March 20, 2015
On Mar. 18, Secretary of Defense Ash Carter issued a dire warning to Congress if it fails to repeal sequestration: the military may start cutting pay.
The services have already begun to cap pay, providing nominal pay raises that fail to match private sector wage growth, but this is the first time the Department of Defense has talked of actually reducing base pay for servicemembers.
“Everything ... is on the table,” said Carter. “We could be forced to consider pay cuts, not just cuts in the growth of compensation.”
“No portion of our budget can remain inviolate.”
Defense hawks on both sides of the aisle are seeking relief from sequestration budget cuts.
For FY 2016, the administration asked for a $561 billion base defense budget —$38 billion over the mandatory sequestration caps. According to Carter, a defense budget that keeps sequester level funding in place will be met with a presidential veto.
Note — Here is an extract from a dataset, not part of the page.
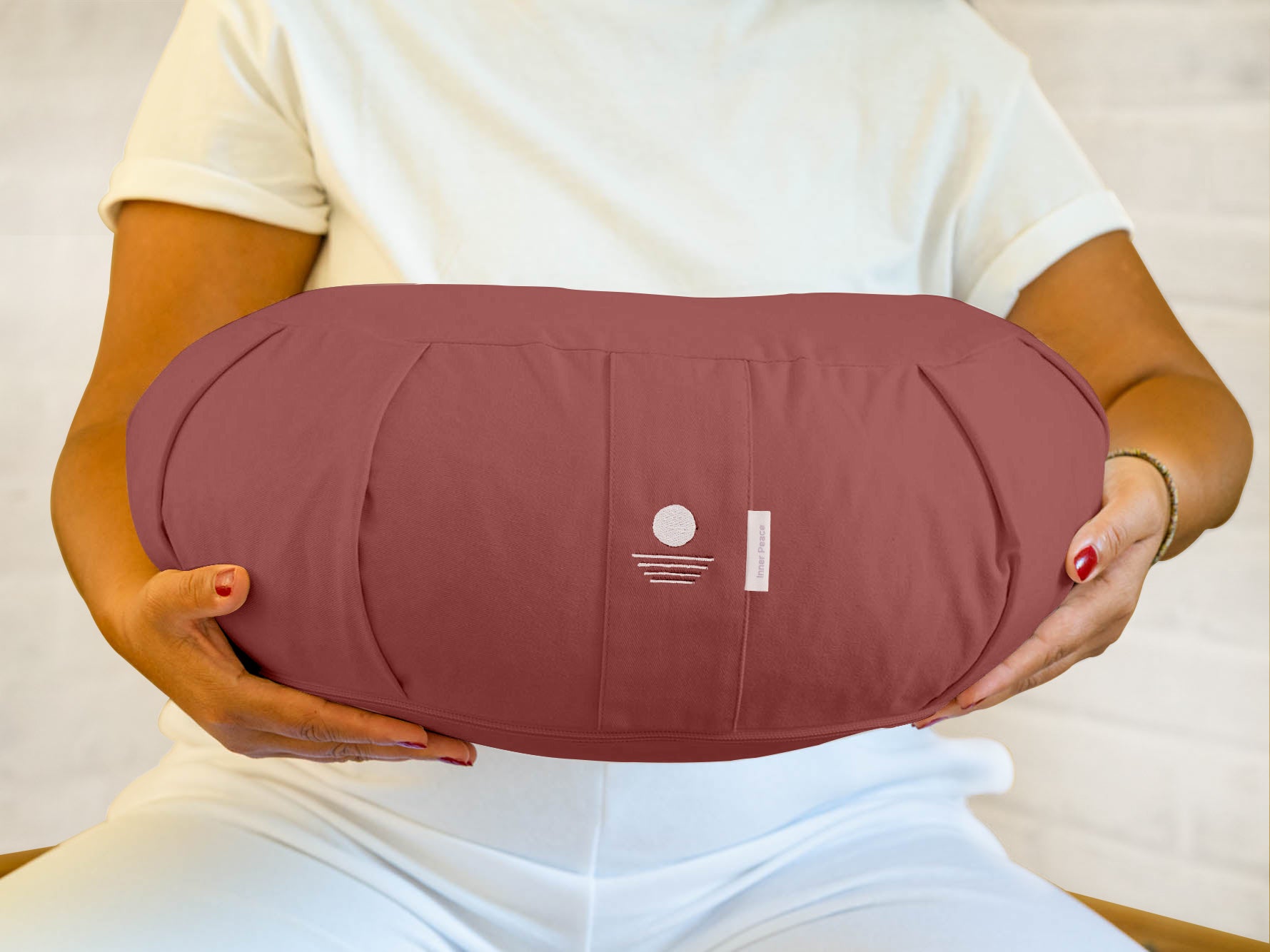 Zafu Meditationskissen - Waldbeere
That statement drew immediate criticism from republicans, many of whom have pushed for ways to boost military spending in 2016 while leaving budget caps in place for non-defense spending.
On Mar. 19, the House Budget Committee passed its FY 2016 budget. The proposed budget boosts defense spending by adding money to a wartime funding account to make up for caps on the Pentagon's base budget. The plan would keep defense spending under caps mandated by the 2011 Budget Control Act and provide $90 billion to the Pentagon's overseas contingency operations (OCO) account, which is not subject to sequestration caps.
Deficit hawks have complained about using budget gimmicks to exceed sequester caps.
“The defense department shouldn’t have to operate in this kind of uncertain budget environment,” said MOAA’s Deputy Director of Government Relations, Col. Phil Odom, USAF (Ret). “Defense planners need predictability and a repeal of sequestration. Failure to repeal sequestration puts national security at risk.”